EXERCISE REQUIREMENTS — Each line from the start of the data below through the one containing "SabrinaFolts online show" must be reproduced exactly.

Crawled caption data:
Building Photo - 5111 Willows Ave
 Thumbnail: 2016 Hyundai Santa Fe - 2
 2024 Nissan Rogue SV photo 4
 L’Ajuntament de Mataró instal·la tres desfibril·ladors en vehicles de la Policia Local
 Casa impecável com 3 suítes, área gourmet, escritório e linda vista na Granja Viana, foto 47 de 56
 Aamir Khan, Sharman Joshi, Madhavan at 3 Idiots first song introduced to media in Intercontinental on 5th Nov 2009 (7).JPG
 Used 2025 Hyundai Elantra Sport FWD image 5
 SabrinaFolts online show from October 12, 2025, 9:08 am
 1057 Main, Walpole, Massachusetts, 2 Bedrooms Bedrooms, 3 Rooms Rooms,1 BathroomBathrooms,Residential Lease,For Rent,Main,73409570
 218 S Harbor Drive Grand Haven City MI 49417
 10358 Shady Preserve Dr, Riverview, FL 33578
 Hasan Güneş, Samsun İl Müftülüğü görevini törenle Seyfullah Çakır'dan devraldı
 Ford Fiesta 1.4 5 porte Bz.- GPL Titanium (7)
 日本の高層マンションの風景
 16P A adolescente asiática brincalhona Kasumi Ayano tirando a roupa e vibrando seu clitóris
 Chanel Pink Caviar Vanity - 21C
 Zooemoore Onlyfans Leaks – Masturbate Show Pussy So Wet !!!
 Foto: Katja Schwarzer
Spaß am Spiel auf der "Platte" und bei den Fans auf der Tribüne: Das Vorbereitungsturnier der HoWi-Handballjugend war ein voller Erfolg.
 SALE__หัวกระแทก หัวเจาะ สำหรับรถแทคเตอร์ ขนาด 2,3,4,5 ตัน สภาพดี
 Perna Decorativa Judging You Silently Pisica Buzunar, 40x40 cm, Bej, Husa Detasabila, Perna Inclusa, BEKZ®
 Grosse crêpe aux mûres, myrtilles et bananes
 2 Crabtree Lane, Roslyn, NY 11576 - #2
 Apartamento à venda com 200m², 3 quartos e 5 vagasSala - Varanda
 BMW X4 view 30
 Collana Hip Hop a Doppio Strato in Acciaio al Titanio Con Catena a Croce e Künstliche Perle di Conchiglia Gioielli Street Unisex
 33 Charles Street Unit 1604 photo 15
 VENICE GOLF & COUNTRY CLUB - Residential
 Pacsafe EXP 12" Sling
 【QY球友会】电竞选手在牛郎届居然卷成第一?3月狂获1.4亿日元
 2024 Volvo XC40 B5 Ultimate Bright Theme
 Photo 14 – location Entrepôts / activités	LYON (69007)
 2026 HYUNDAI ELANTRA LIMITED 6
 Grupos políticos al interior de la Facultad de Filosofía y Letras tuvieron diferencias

RESPONSE TO THE TASK —
Building Photo - 5111 Willows Ave
 Thumbnail: 2016 Hyundai Santa Fe - 2
 2024 Nissan Rogue SV photo 4
 L’Ajuntament de Mataró instal·la tres desfibril·ladors en vehicles de la Policia Local
 Casa impecável com 3 suítes, área gourmet, escritório e linda vista na Granja Viana, foto 47 de 56
 Aamir Khan, Sharman Joshi, Madhavan at 3 Idiots first song introduced to media in Intercontinental on 5th Nov 2009 (7).JPG
 Used 2025 Hyundai Elantra Sport FWD image 5
 SabrinaFolts online show from October 12, 2025, 9:08 am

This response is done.